_TASK DIRECTIONS_. The output must be exactly the lines from the "Upgrade 2-Pack Shipping" line through the end of the listing below, with no picture included.

_SOURCE MATERIAL_.
"""
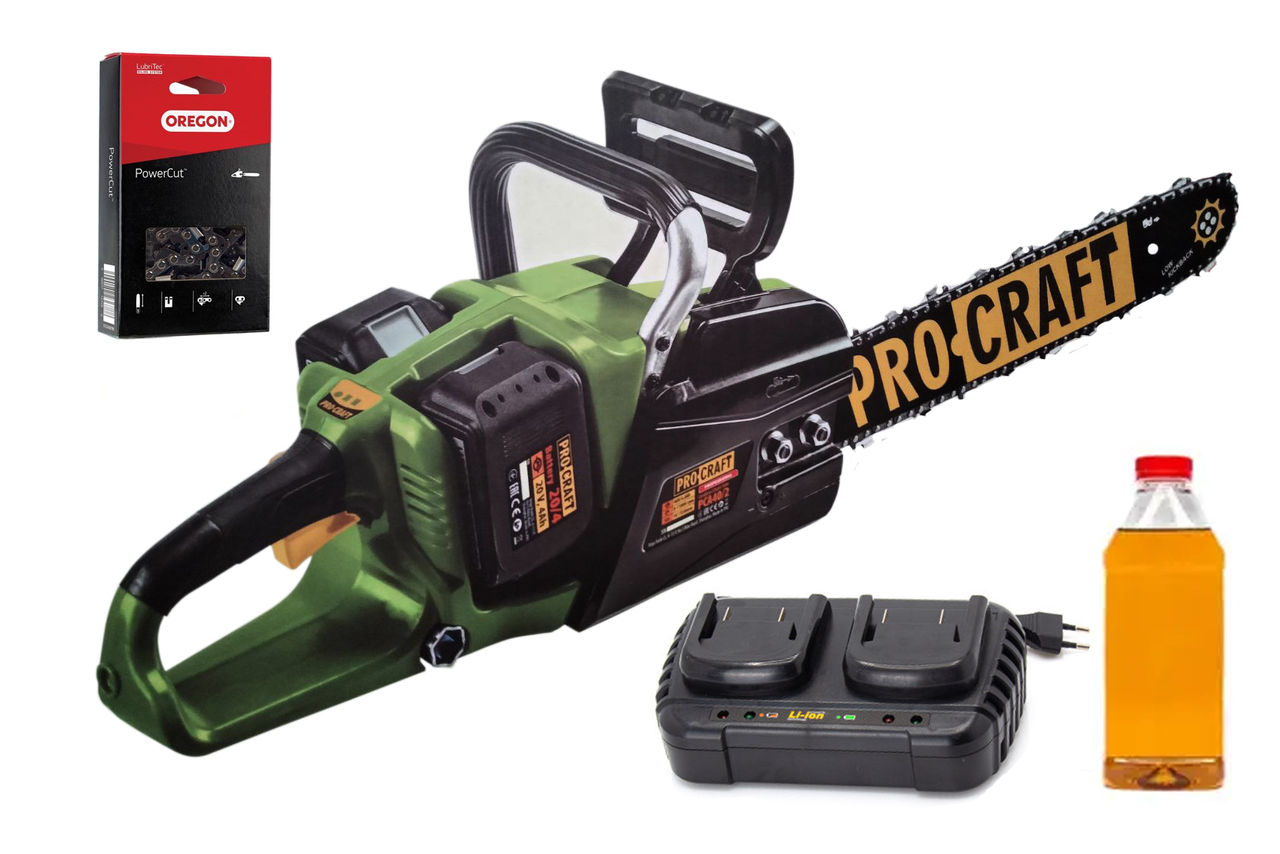 Аккумуляторная цепная пила Procraft PCA40/2 в комплекте с двумя ...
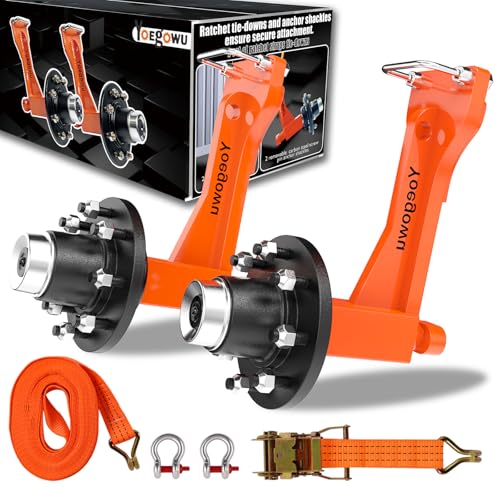 Upgrade 2-Pack Shipping Container Wheels Kit with 6/8 Lug Bolt-On Spindle,Heavy-Duty Shipping Container Axles for Up to 40ft Containers, 15000LB Capacity, Shipping Container Accessories (8-Lug)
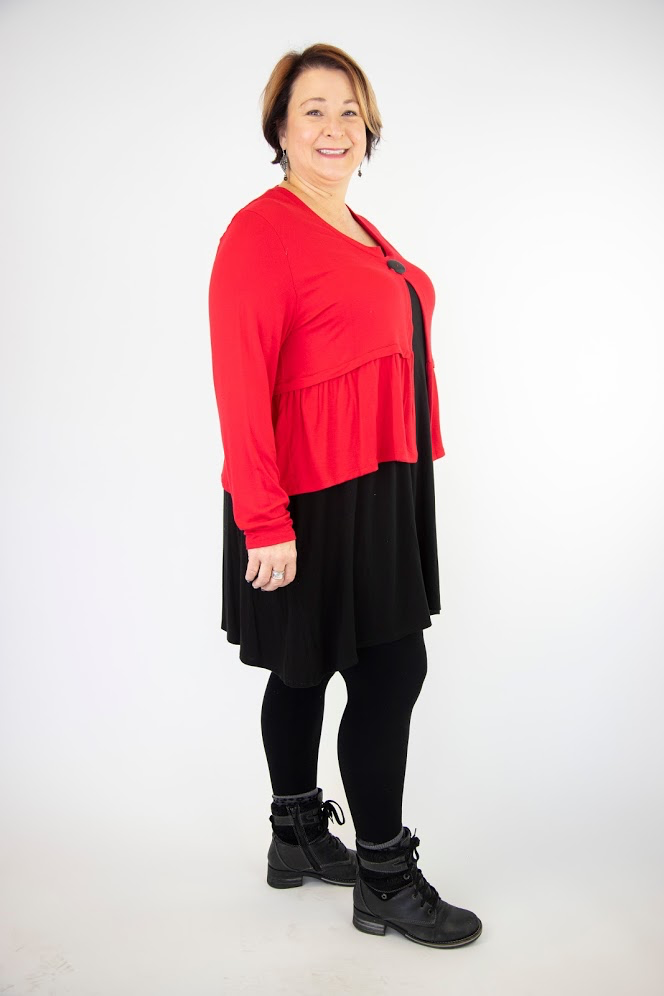 Twist Short Cardi - Red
"""
_TASK RESULT_.
 Upgrade 2-Pack Shipping Container Wheels Kit with 6/8 Lug Bolt-On Spindle,Heavy-Duty Shipping Container Axles for Up to 40ft Containers, 15000LB Capacity, Shipping Container Accessories (8-Lug)
 Twist Short Cardi - Red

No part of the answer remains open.